On a summer evening in 1921, Edith Stein stayed awake all night reading the autobiography of St. Teresa of Avila. The following morning she said to herself, "This is the truth."
Academia excluded her for being a woman, her mother rejected her for following her vocation, and the Nazis ultimately murdered her for being Jewish. Edith Stein, or St. Teresa Benedicta of the Cross, whose feast day we celebrate Aug. 9, died what many may see as a senseless death at the hands of a merciless ideology. But through her faith in the Cross, she allowed God to transform her suffering and death into a message of love and redemption for the world.
Edith Stein was born in 1891, the youngest of 11 children, to devout Jewish parents in Breslau, Germany. Her father died when she was just 2 years old. At age 14, Edith stopped praying, rejected her family's Jewish faith, and became an atheist.
A brilliant student, she searched for truth in academics, receiving her doctorate in philosophy summa cum laude in 1916. Though society would not allow her to follow her dream of becoming a professor on account of her gender, she worked as an assistant at the University of Freiburg for Edmund Husserl, a renowned philosopher who established the philosophical school of phenomenology. Through her writing on philosophy, Stein quickly became one of the university's top minds.
"This is the truth"
On a summer evening in 1921, Stein stayed awake all night reading the autobiography of St. Teresa of Avila. The following morning she said to herself, "This is the truth."
She was baptized and confirmed into the Catholic faith in 1922. She wanted to immediately enter St. Teresa's order, the Discalced Carmelites, but her spiritual advisor would not allow it just yet. Instead, she taught at a Dominican school for girls living within the world but devoting her life to prayer and study. Over the years, she authored several works on philosophy marrying the school of phenomenology with her Catholic faith.
In 1933, the Nazis' Aryan Law barred Jews from teaching in Germany. After spending over a decade in academia, Stein was forced to resign. She said, "I had become a stranger in the world. ... It dawned on me that God had laid His hand heavily on His people, and that the destiny of these [Jewish] people would also be mine."
Religious life
Stein's spiritual advisor finally allowed her to enter the convent in 1934. Her mother cried when she heard that her Jewish daughter was entering Catholic religious life.

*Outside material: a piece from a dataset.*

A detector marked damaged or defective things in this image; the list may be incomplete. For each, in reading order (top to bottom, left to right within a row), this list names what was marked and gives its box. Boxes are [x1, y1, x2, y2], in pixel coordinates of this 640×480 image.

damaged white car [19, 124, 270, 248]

Even though Stein wrote letters to her mother weekly, she never received any responses.
Stein took her final vows at the Carmelite Convent of Cologne on April 21, 1938, becoming Sister Teresa Benedicta of the Cross. Over the following months, the Nazis' desire to eliminate the Semitic race became more and more apparent as they burned synagogues and forced Jewish citizens to wear yellow badges. On New Year's Eve 1938, the Carmelite prioress had Stein smuggled out of Germany and into the Netherlands to the Carmelite Convent of Etch in the hopes that this would spare her life.

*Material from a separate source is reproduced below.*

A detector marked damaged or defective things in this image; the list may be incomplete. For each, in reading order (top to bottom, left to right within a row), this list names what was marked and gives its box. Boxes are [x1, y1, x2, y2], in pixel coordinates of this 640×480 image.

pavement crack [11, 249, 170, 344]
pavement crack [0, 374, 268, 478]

But the Nazis began imprisoning Jewish citizens in the Netherlands in 1942. Not long before her arrest, the Carmelite sisters devised a plan to try and save her life, but Stein protested, saying, "If I cannot share the lot of my brothers and sisters my life, in a certain sense, is destroyed."
She wanted to die with her people and offered her certain death as a sacrifice for the salvation of others. She said, "I ask the Lord to accept my life and my death ... so that the Lord will be accepted by His people and that His Kingdom may come in glory, for the salvation of Germany, and the peace of the world."
Martyrdom
Stein and her sister, Rosa, who had also converted and entered the convent, were arrested by the Gestapo on Aug. 2, 1942. Stein's last recorded words were spoken to her sister, saying, "Come, we are going for our people." Several days later, they were sent to Auschwitz and killed in a gas chamber.
Pope St. John Paul II canonized Edith Stein, or St. Teresa Benedicta of the Cross, a patron saint of Europe, on Oct. 11, 1998, saying, "The mystery of the cross gradually enveloped her whole life, spurring her to the point of making the supreme sacrifice ... The true message of suffering is a lesson of love. Love makes suffering fruitful and suffering deepens love."
Edith Stein did not let hate have the final say. Through her acceptance of the Cross, she offered her suffering to God for the salvation of others, transforming her senseless death into a message of love and redemption over death and despair.
St. Teresa Benedicta of the Cross, pray for us!